Academy Award winning actor Daniel Day-Lewis — in a cast that also includes Irishman Ciaran Hinds — plays Daniel Plainview, the man who’s quest for power and wealth changes his life. Not surprisingly, given its stellar cast, critical buzz is already predicting a sack full of Oscars for the film in 2008, when it goes up against stiff competition from other in-the-running films like No Country for Old Men and Atonement.
There Will Be Blood opens with Plainview working wordlessly in the baking hot southern California sun, pursuing his fortune with a frightening resolve. Although Plainview initially opens a silver mine, he quickly realizes that the real money is in oil.

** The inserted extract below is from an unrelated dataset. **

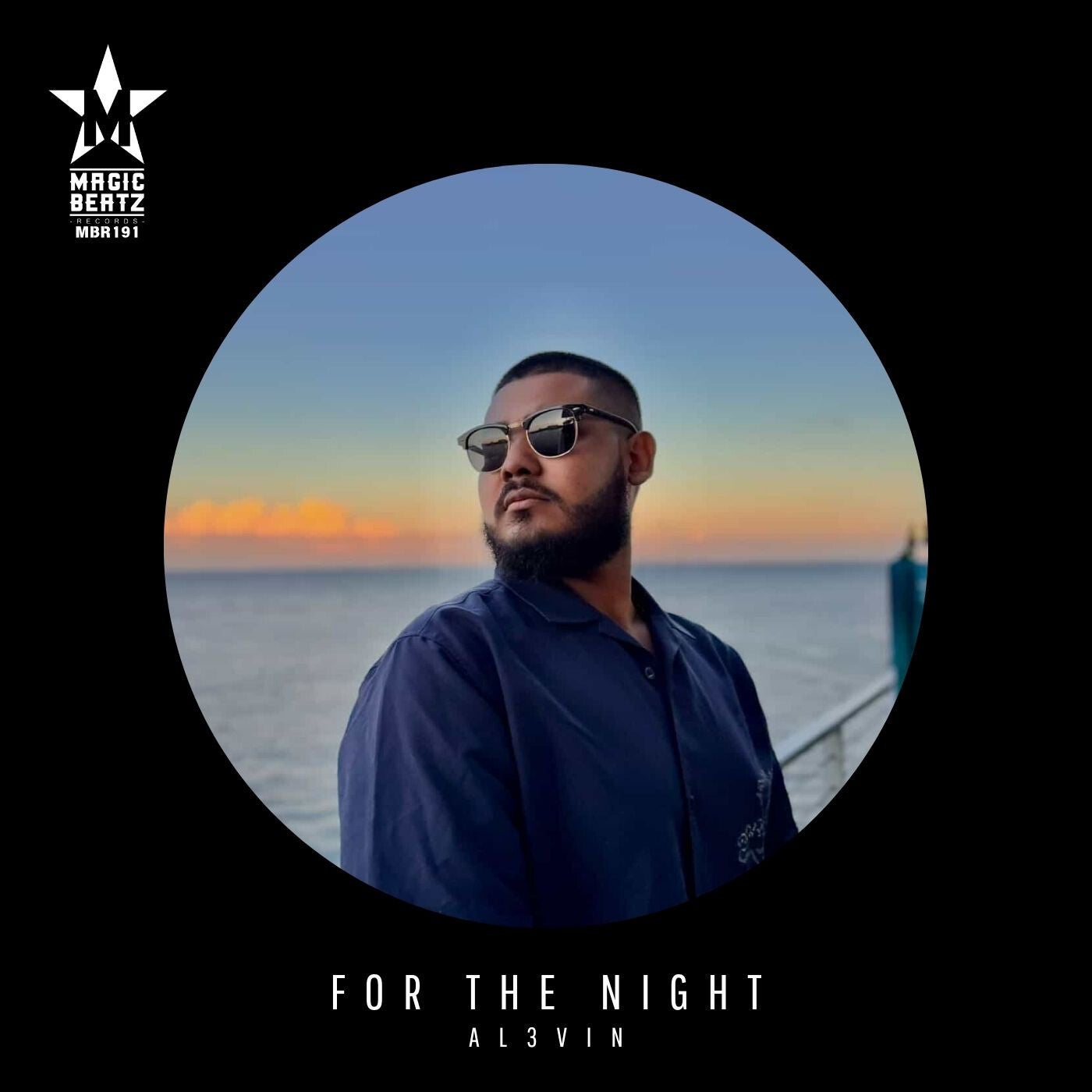 Cover - AL3VIN - For The Night (Original Mix) Promo tools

Soon he acquires a soft spoken young son that he uses like a theater prop to convince wary locals that he’s both an oilman and a family man. The boy, named H.W., is brought to business meetings to disarm Plainview’s opponents and to learn his trade at the feet of the master.

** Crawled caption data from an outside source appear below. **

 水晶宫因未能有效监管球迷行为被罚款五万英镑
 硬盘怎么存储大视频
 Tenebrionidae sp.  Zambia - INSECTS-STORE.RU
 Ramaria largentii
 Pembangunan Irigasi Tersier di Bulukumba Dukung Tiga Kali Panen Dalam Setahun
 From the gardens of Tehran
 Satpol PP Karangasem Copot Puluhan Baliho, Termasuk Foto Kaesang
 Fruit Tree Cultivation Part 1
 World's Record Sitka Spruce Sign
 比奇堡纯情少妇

But it quickly becomes clear that Plainview sees H.W. as a business partner, an inheritor, and even as an investment — but never once does he betray a fatherly interest in the young child.

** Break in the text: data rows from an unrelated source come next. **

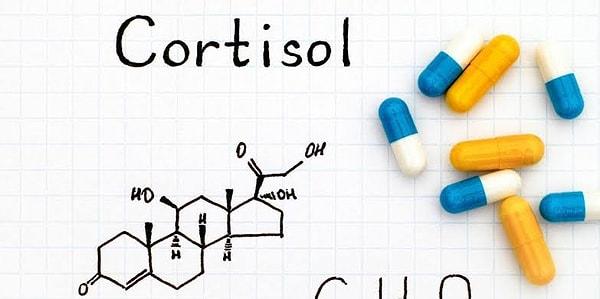 Kortizol, böbrek üstü bezinin kabuk bölgesinde üretilen, vücudun strese gösterdiği tepkiyi düzenleyen bir hormon.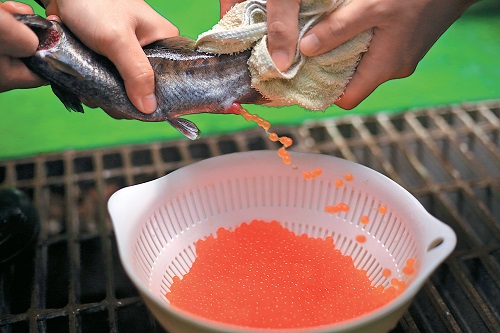 從雌魚身上取出未受精的卵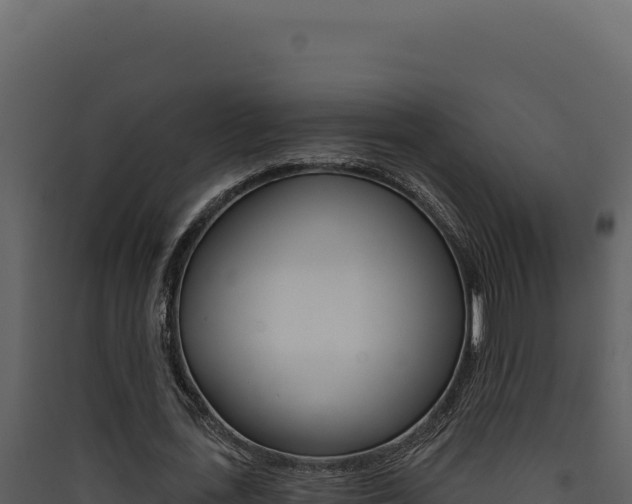 X0000090440723200707131029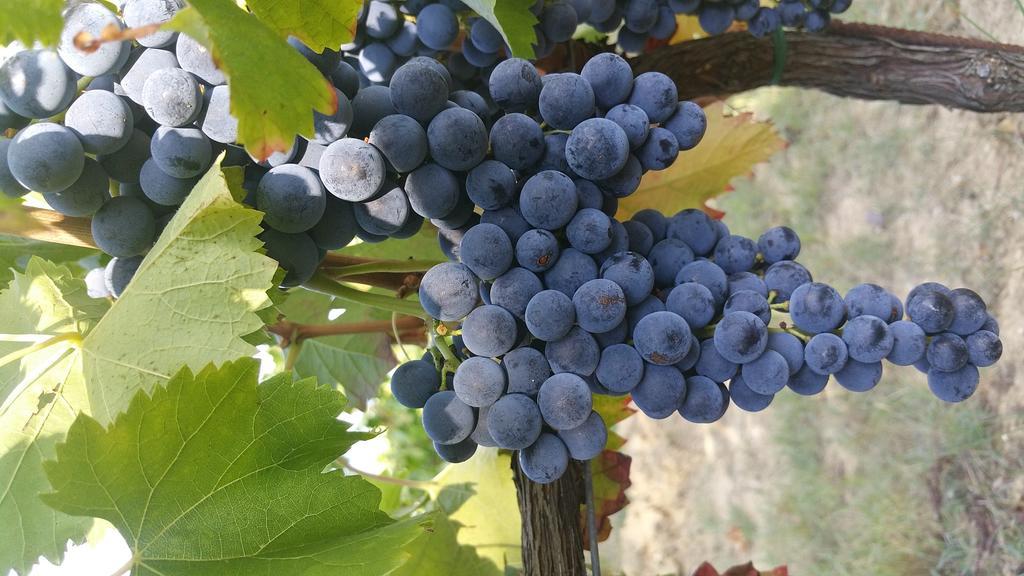 Pietra Maula Agriturismo Castelraimondo Luaran gambar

Throughout the film Plainview’s meteoric rise from small time oilman to a player in the big oil syndicates is relentless. Interestingly, he’s never portrayed as deluded or odious (although he’s often is).
Instead we see a relentlessly driven businessman, who is shadowed at all times by his nearly wordless right hand man Fletcher, played with remarkable subtlety by Hinds.
One thoroughly chilling speech, quietly delivered by Day–Lewis to his subordinate Hinds in a rare moment of candor, captures the essence of the power struggle and the resolve at the heart of There Will Be Blood: “I have a competition in me; I want no one else to succeed. I hate most people. There are times when I look at people and I see nothing worth liking.
“I’ve built up my hatreds over the years little by little. I see the worst in people. I don’t need to look past seeing them to get all I need. I want to earn enough money I can get away from everyone. I can’t keep doing this on my own, with these people.”
Although the film is set in 1927, there’s no question that it strongly resembles our own age. We see oil magnates giving bribes to politicians in exchange for political favors; we see hypocritical evangelical preachers crusading for political (and not always spiritual) causes; and leftists are witch-hunted wherever they appear. In this way There Will Be Blood shows us how much of our modern nation actually took shape in the 1920s.
Day-Lewis, who has only made three films since 1998, is notoriously selective about which projects he signs up for, and in There Will Be Blood he gives what is perhaps the strongest, most multifaceted performance of his career.
“My character Daniel Plainview has no understanding of what the responsibilities of a parent are,” said Day-Lewis in a recent press release. “So his son is responsible for the day to day running of the business like a partner, rather than a child. Anything that interferes with the running of the business is something that Plainview feels he has to take care of. He just doesn’t know how to be a father at all.”
Although the film certainly addresses political, religious and spiritual issues, it stays loyal to the central theme: the decades long battle between two guys who clearly see each other for what they are.
Loosely adapted from the novel Oil! by Upton Sinclair and featuring a spine tingling score from Radiohead guitarist Johnny Greenwood, There Will Be Blood is almost certain to result in an Academy Award nomination for the English-born/Irish citizen and resident Day-Lewis, who won his first Best Actor Oscar in 1989 for his gripping portrayal of quadriplegic Irish artist Christy Brown in Jim Sheridan’s My Left Foot.
Director Paul Thomas Anderson has also made some bold choices in bringing this famous novel to the screen. For the first 20 minutes he films the harsh southern California landscape and the men who toil in it without a single line of dialogue to break the tension.
Because of this Greenwood’s brilliant soundtrack does all the heavy lifting, setting the tone and saying more than any dialogue could. Add to that Anderson’s arresting camera work and Day-Lewis’s towering performace, and this is a film that will haunt you for weeks after you’ve seen it.